[Brief descriptive captions]
——

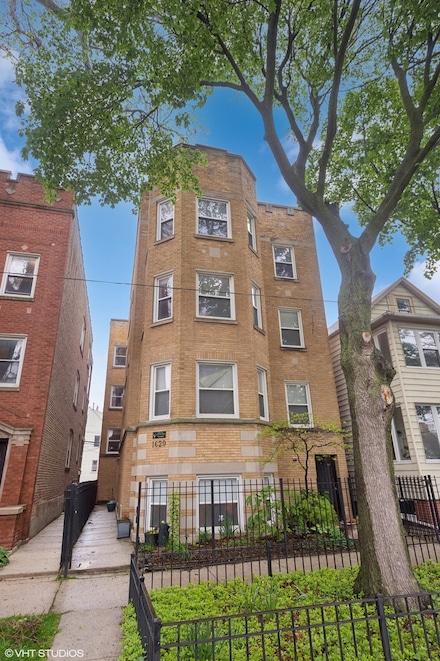 1620 W Olive Ave Unit 3A, Chicago, IL 60660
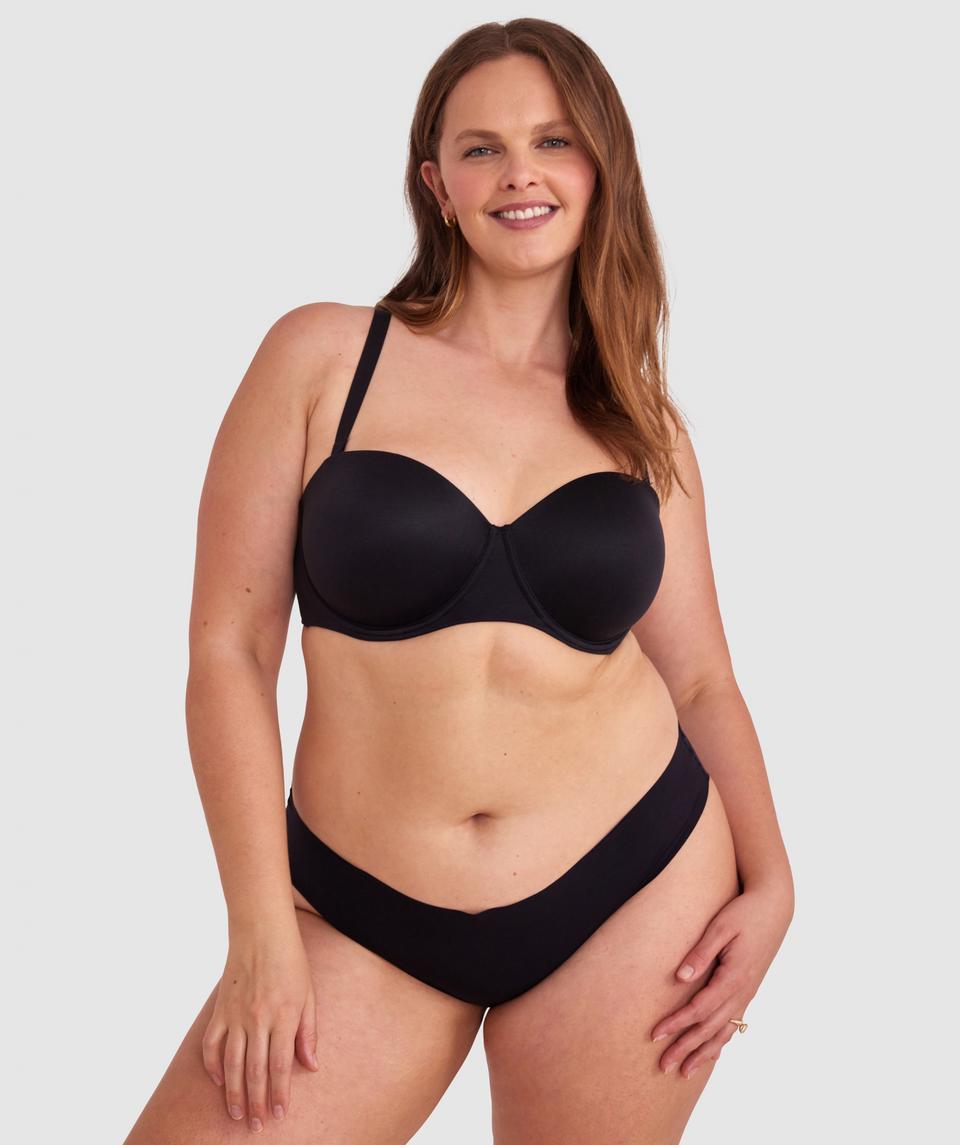 Jesikah is wearing a 16DD/XL top and 16/XL bottom, with bust 97cm/38in, waist 82cm/32in, and hip 111cm/44in. She stands at 173cm/5'8in.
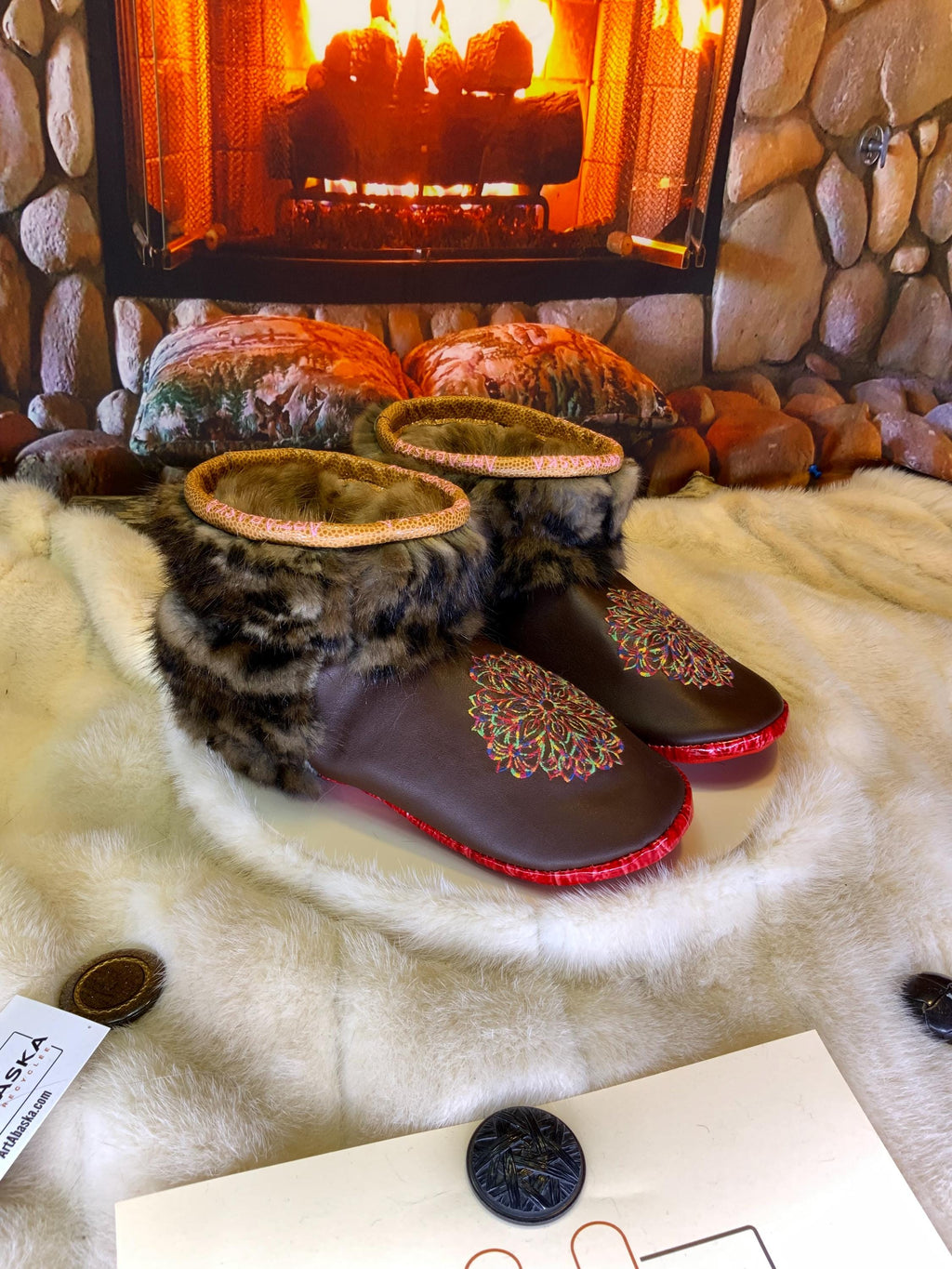 Mocassins d’intérieur Madeleine 10 femme, cuir italien brun chocolat brodé mandala multicolore, faits à la main au Québec ✨🤎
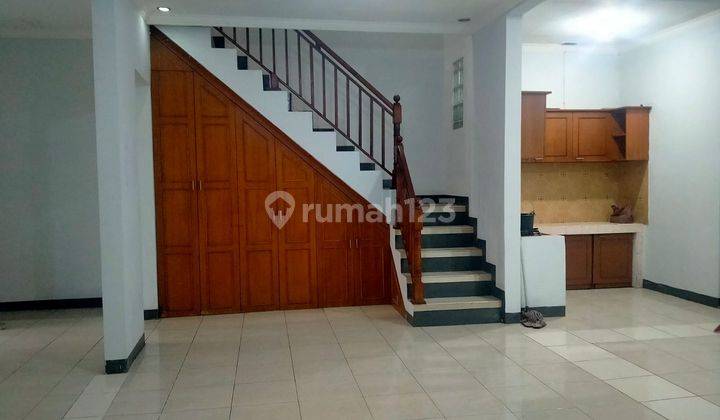 Disewa Rumah 3 Lantai Siap Huni Antapani 1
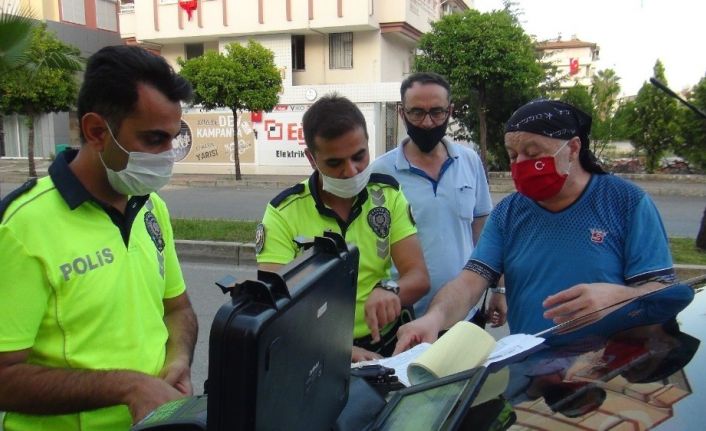 Araçtan havaya ateş edip polisi alarma geçiren 66 yaşındaki şahıs 413 promil alkollü çıktı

——

» PROBLEM TO WORK ON:
Your copy should repeat each entry above exactly but contain no pictures.

» EXERCISE RESPONSE:
 1620 W Olive Ave Unit 3A, Chicago, IL 60660
 Jesikah is wearing a 16DD/XL top and 16/XL bottom, with bust 97cm/38in, waist 82cm/32in, and hip 111cm/44in. She stands at 173cm/5'8in.
 Mocassins d’intérieur Madeleine 10 femme, cuir italien brun chocolat brodé mandala multicolore, faits à la main au Québec ✨🤎
 Disewa Rumah 3 Lantai Siap Huni Antapani 1
 Araçtan havaya ateş edip polisi alarma geçiren 66 yaşındaki şahıs 413 promil alkollü çıktı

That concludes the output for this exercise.